In [1]:
import pandas as pd
import numpy as np

In [2]:
train_data = pd.read_csv(r"..\NLP_Bootcamp\Train_Dataset.csv")
test_data = pd.read_csv(r"..\NLP_Bootcamp\Test_Dataset.csv")

In [3]:
train_data.head()

Unnamed: 0,headline,is_sarcastic
0,supreme court votes 7-2 to legalize all worldl...,1
1,hungover man horrified to learn he made dozens...,1
2,emily's list founder: women are the 'problem s...,0
3,send your kids back to school with confidence,0
4,watch: experts talk pesticides and health,0


In [4]:
train_data["is_sarcastic"].value_counts()

0    23958
1    20304
Name: is_sarcastic, dtype: int64

almost balanced training dataset

## Data preprocessing

removing contractions: emily's -> emily is

In [5]:
import contractions
train_data["headline"] = train_data["headline"].apply(contractions.fix)

test_data["headline"] = test_data["headline"].apply(contractions.fix)

Removing Special Characters and Symbols

In [6]:
import re

def remove_special_characters(text, remove_digits=False):
    pattern = r'[^a-zA-Z0-9\s]' if not remove_digits else r'[^a-zA-Z\s]'
    text = re.sub(pattern, ' ', text)
    return text

In [7]:
train_data["headline"] = train_data["headline"].apply(remove_special_characters)

test_data["headline"] = test_data["headline"].apply(remove_special_characters)

In [8]:
train_data.head()

Unnamed: 0,headline,is_sarcastic
0,supreme court votes 7 2 to legalize all worldl...,1
1,hungover man horrified to learn he made dozens...,1
2,emily s list founder women are the problem s...,0
3,send your kids back to school with confidence,0
4,watch experts talk pesticides and health,0


## Building the model

In [9]:
from sklearn.model_selection import train_test_split

In [10]:
X_train, X_val, Y_train, Y_val = train_test_split(train_data[["headline"]], train_data["is_sarcastic"], test_size=0.1, shuffle= False)

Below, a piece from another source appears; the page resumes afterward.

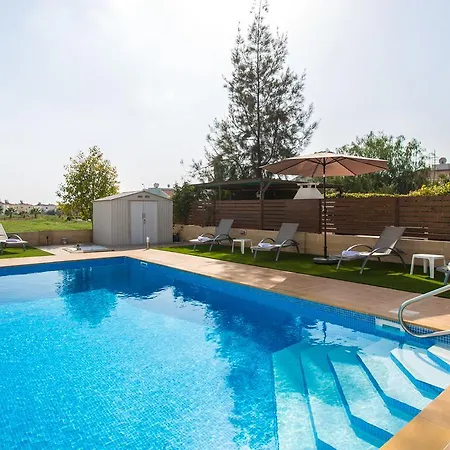 Rent Private 364 Villa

----------------------------------------------------------------------------------------------------------------------------------------------------------
#### Simple model using ML

In [11]:
import textblob

In [12]:
#creating statistical features and only choosing relevant ones
import string

X_train['char_count'] = X_train['headline'].apply(len)
X_train['word_count'] = X_train['headline'].apply(lambda x: len(x.split()))
#X_train['word_density'] = X_train['char_count'] / (X_train['word_count']+1)
#x_train_snt_obj = X_train['headline'].apply(lambda row: textblob.TextBlob(row).sentiment)
#X_train['Polarity'] = [obj.polarity for obj in x_train_snt_obj.values]
#X_train['Subjectivity'] = [obj.subjectivity for obj in x_train_snt_obj.values]

max_char_count = np.max(X_train['char_count'])
max_word_count = np.max(X_train['word_count'])

X_train['char_count'] = X_train['char_count'] / max_char_count
X_train['word_count'] = X_train['word_count'] / max_word_count




X_val['char_count'] = X_val['headline'].apply(len)
X_val['word_count'] = X_val['headline'].apply(lambda x: len(x.split()))
X_val['char_count'] = X_val['char_count'] / max_char_count
X_val['word_count'] = X_val['word_count'] / max_word_count

#X_val['word_density'] = X_val['char_count'] / (X_val['word_count']+1)
#X_val_snt_obj = X_val['headline'].apply(lambda row: textblob.TextBlob(row).sentiment)
#X_val['Polarity'] = [obj.polarity for obj in X_val_snt_obj.values]
#X_val['Subjectivity'] = [obj.subjectivity for obj in X_val_snt_obj.values]

In [13]:
X_train.head()

Unnamed: 0,headline,char_count,word_count
0,supreme court votes 7 2 to legalize all worldl...,0.057235,0.065789
1,hungover man horrified to learn he made dozens...,0.071274,0.078947
2,emily s list founder women are the problem s...,0.070194,0.072368
3,send your kids back to school with confidence,0.048596,0.052632
4,watch experts talk pesticides and health,0.044276,0.039474


In [14]:
#loading glove pretrained vectors

path_to_glove_file = r"..\glove.6B\glove.6B.300d.txt"

embeddings_index = {}
with open(path_to_glove_file, encoding="utf8") as f:
    for line in f:
        word, coefs = line.split(maxsplit=1)
        coefs = np.fromstring(coefs, "f", sep=" ")
        embeddings_index[word] = coefs

print("Found %s word vectors." % len(embeddings_index))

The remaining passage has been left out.